*** SOURCE DATA Section Begins ***

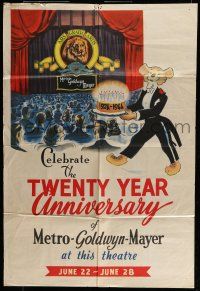 6t864 TWENTY YEAR ANNIVERSARY OF METRO-GOLDWYN-MAYER 1sh '44 stone litho of Leo the Lion & theater!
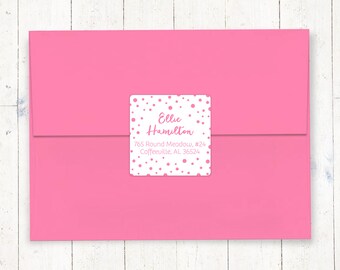 personalized return address LABEL - CONFETTI - custom sticker square label gift for her - free shipping to U.S. - set of 48 labels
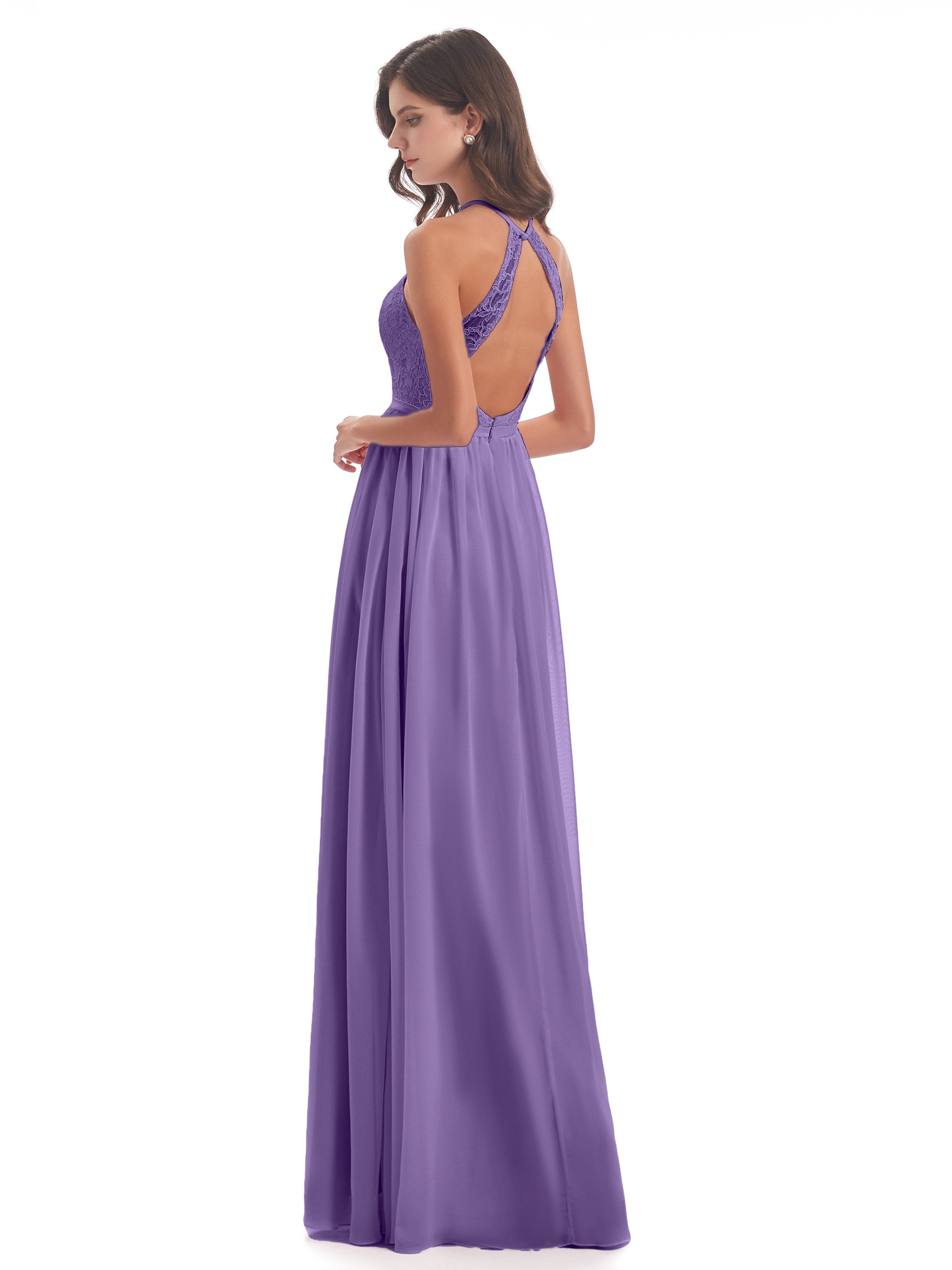 Harper A-line Halter Lace Long Bridesmaid Dresses
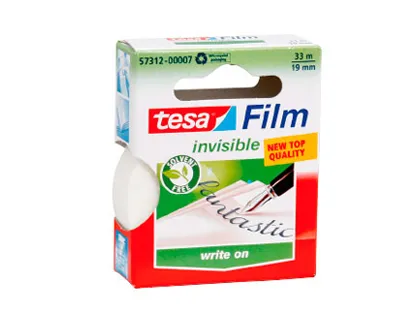 Ruban adhésif tesa invisible résistant polypropylène écriture stylo plume encre gel 19mmx33m boîte individuelle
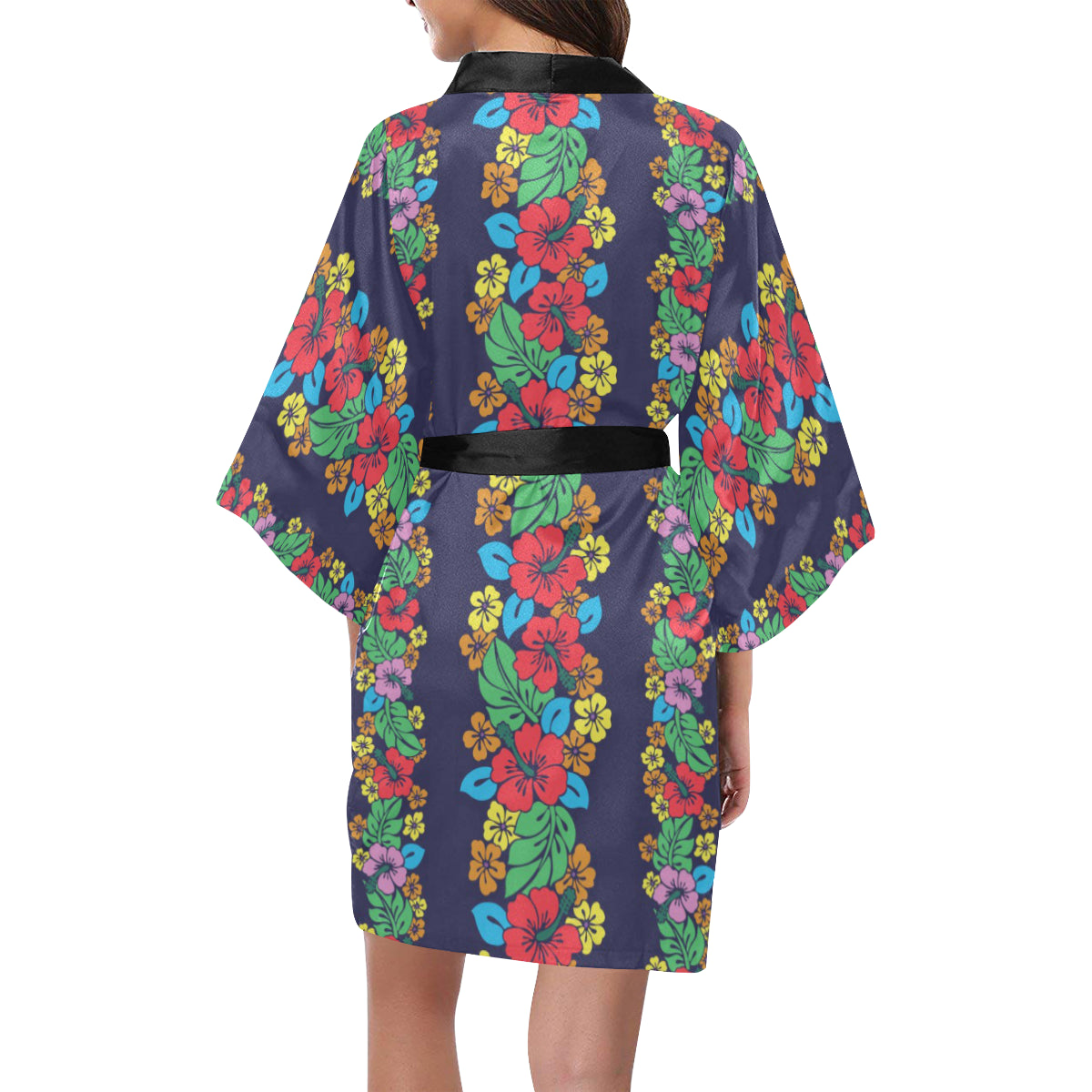 Hawaiian Themed Pattern Print Design H03 Women Kimono Robe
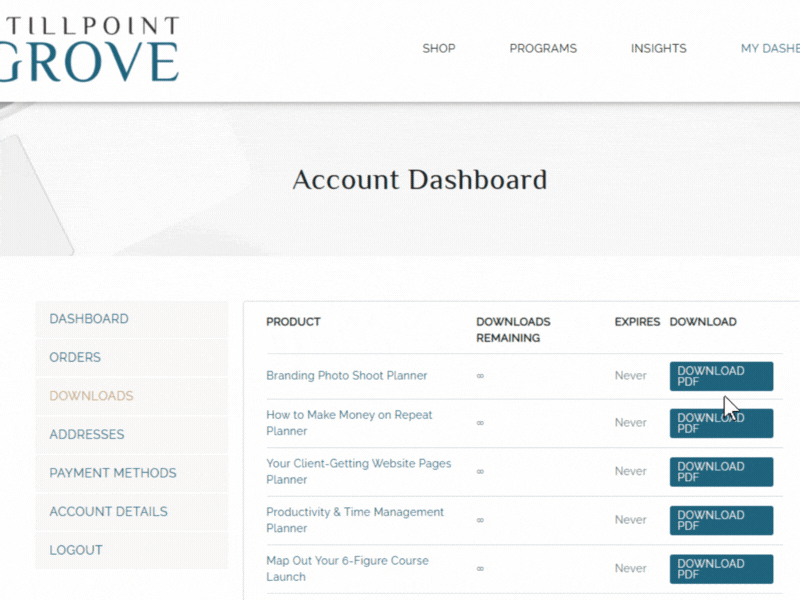 Access via Invoice Email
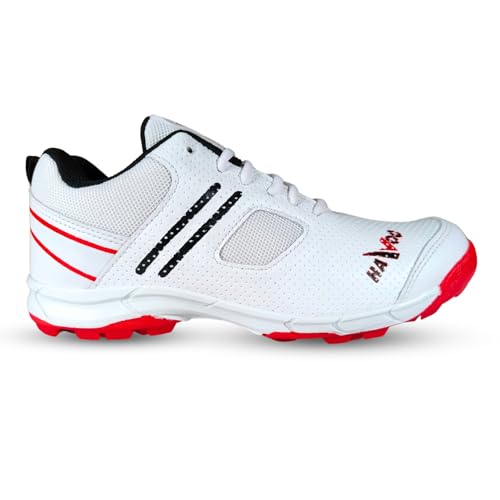 Prokick Havoc Cricket Shoes for Men and Women|Lightweight & Durable Cricket Shoes|PVC Studs Spikes Sports Shoe for Unisex|Synthetic Leather Upper Sports Shoes|EVA Sockliner, White/RED/Black-7 UK - Image 2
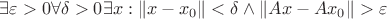$\exists \varepsilon > 0 \forall \delta >0 \exists x: \|x - x_0\| < \delta \wedge \|Ax - Ax_0\| > \varepsilon$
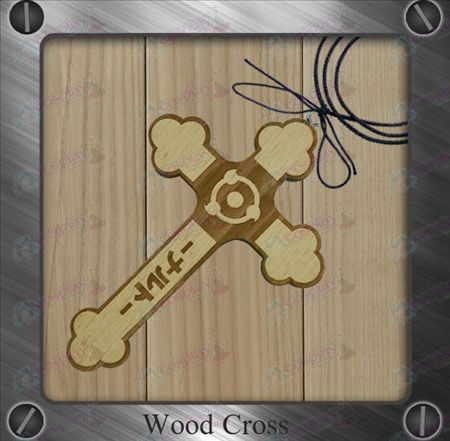 Naruto - write round eyes flag wooden cross necklace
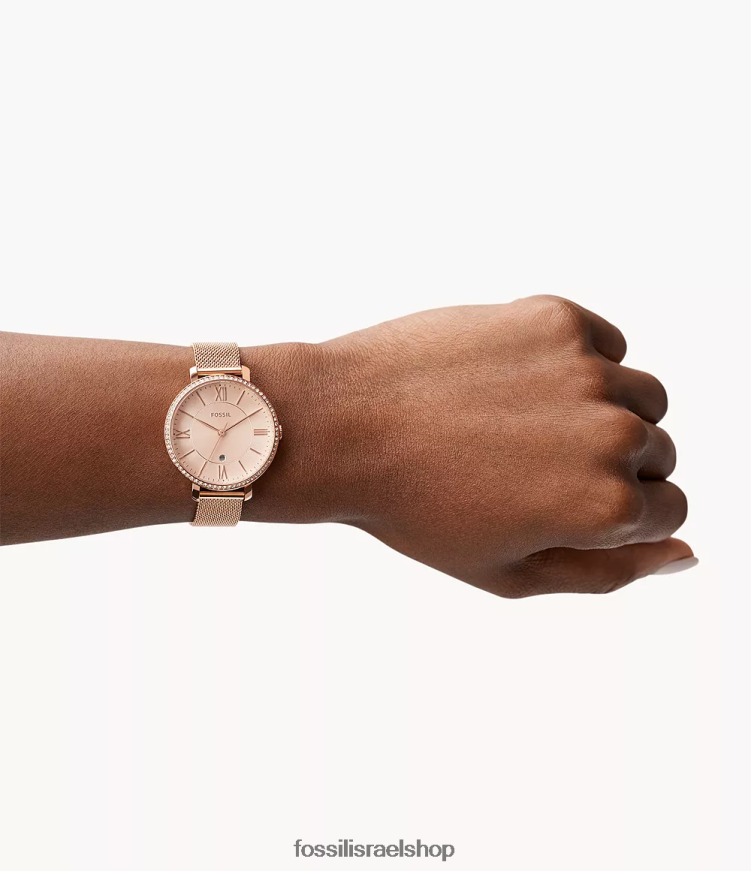 Fossil נשים שעון נירוסטה בעל שלוש ידיים של ג'קלין L8J0B6114 שעון בגוון זהב ורדרד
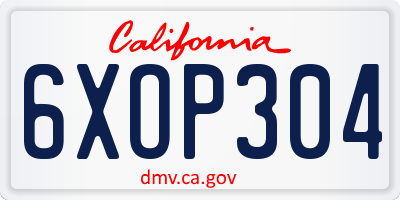 CA license plate 6XOP304
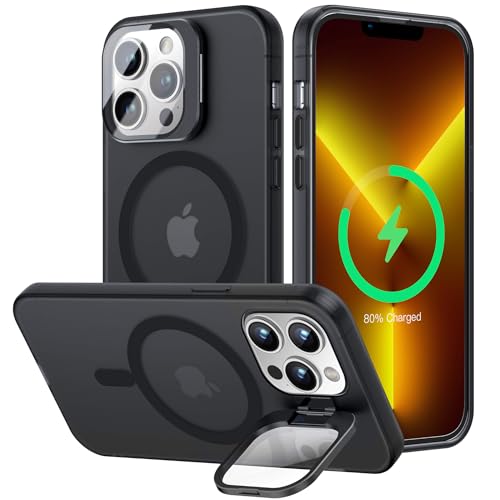 OLHAOMAO für iPhone 13 Pro Hülle für MagSafe mit Kameraschutz Unsichtbar Ständer, Dünn Magnetische Stoßfeste Handyhülle für iPhone 13 Pro Schutzhülle für iPhone 13 Pro Case Matte Schwarz von OLHAOMAO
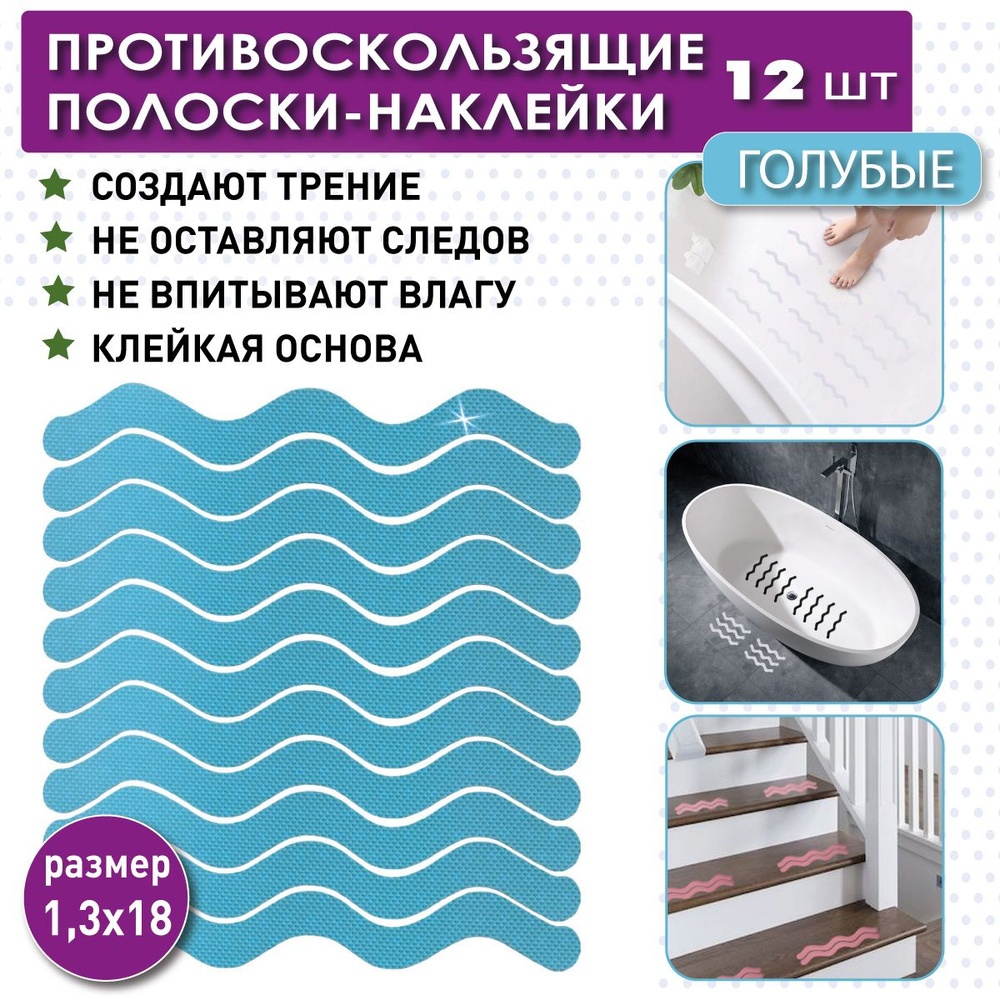 Коврик противоскользящий для ванной, Полоски-голубые - купить по выгодной  цене в интернет-магазине OZON (656201536)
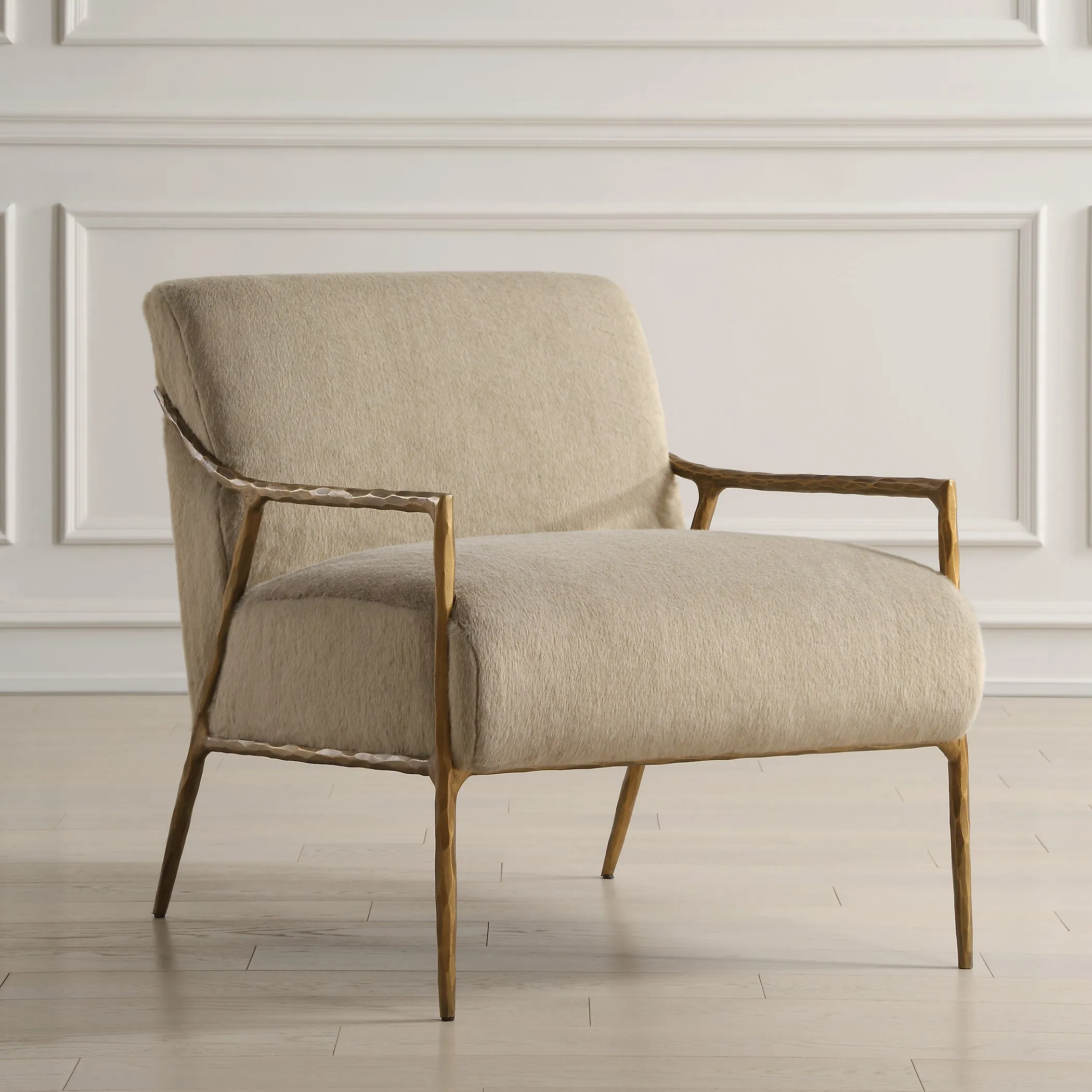 Kashmir Aged Gold Accent Chair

*** SOURCE DATA Section Ends ***

:: THE PROBLEM ::
The entries above, every one of them, should be retyped exactly, with no pictures carried over.

:: RESULT FOR THIS TASK ::
 6t864 TWENTY YEAR ANNIVERSARY OF METRO-GOLDWYN-MAYER 1sh '44 stone litho of Leo the Lion & theater!
 personalized return address LABEL - CONFETTI - custom sticker square label gift for her - free shipping to U.S. - set of 48 labels
 Harper A-line Halter Lace Long Bridesmaid Dresses
 Ruban adhésif tesa invisible résistant polypropylène écriture stylo plume encre gel 19mmx33m boîte individuelle
 Hawaiian Themed Pattern Print Design H03 Women Kimono Robe
 Access via Invoice Email
 Prokick Havoc Cricket Shoes for Men and Women|Lightweight & Durable Cricket Shoes|PVC Studs Spikes Sports Shoe for Unisex|Synthetic Leather Upper Sports Shoes|EVA Sockliner, White/RED/Black-7 UK - Image 2
$\exists \varepsilon > 0 \forall \delta >0 \exists x: \|x - x_0\| < \delta \wedge \|Ax - Ax_0\| > \varepsilon$
 Naruto - write round eyes flag wooden cross necklace
 Fossil נשים שעון נירוסטה בעל שלוש ידיים של ג'קלין L8J0B6114 שעון בגוון זהב ורדרד
 CA license plate 6XOP304
 OLHAOMAO für iPhone 13 Pro Hülle für MagSafe mit Kameraschutz Unsichtbar Ständer, Dünn Magnetische Stoßfeste Handyhülle für iPhone 13 Pro Schutzhülle für iPhone 13 Pro Case Matte Schwarz von OLHAOMAO
 Коврик противоскользящий для ванной, Полоски-голубые - купить по выгодной  цене в интернет-магазине OZON (656201536)
 Kashmir Aged Gold Accent Chair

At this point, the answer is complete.